● EXERCISE REQUIREMENTS
Take the whole listing and reproduce it exactly, pictures excepted.

SUPPLIED DATA below:

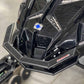 Straightline Performance Polaris Matryx "Sport Series" Front Bumper: More Colors Available!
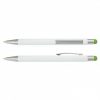 Stylus Barrel Pen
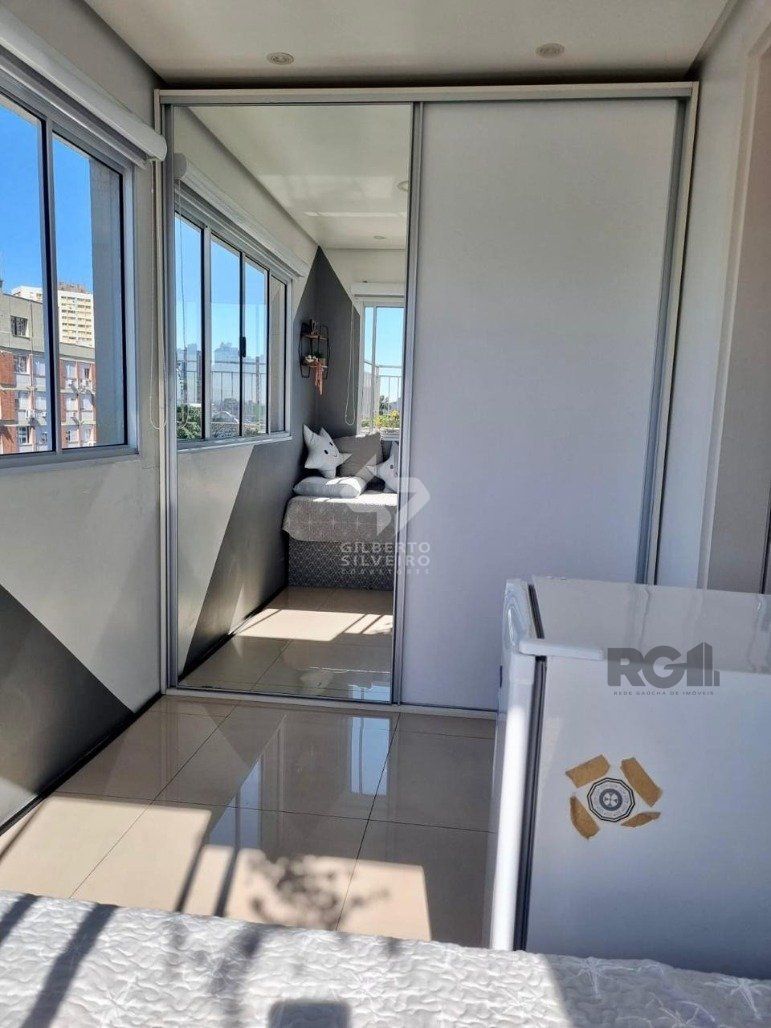 Cobertura, 2 quartos, à venda, 122 m², Floresta - Porto Alegre — foto 5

End of SUPPLIED DATA.

● EXPECTED OUTPUT
 Straightline Performance Polaris Matryx "Sport Series" Front Bumper: More Colors Available!
 Stylus Barrel Pen
 Cobertura, 2 quartos, à venda, 122 m², Floresta - Porto Alegre — foto 5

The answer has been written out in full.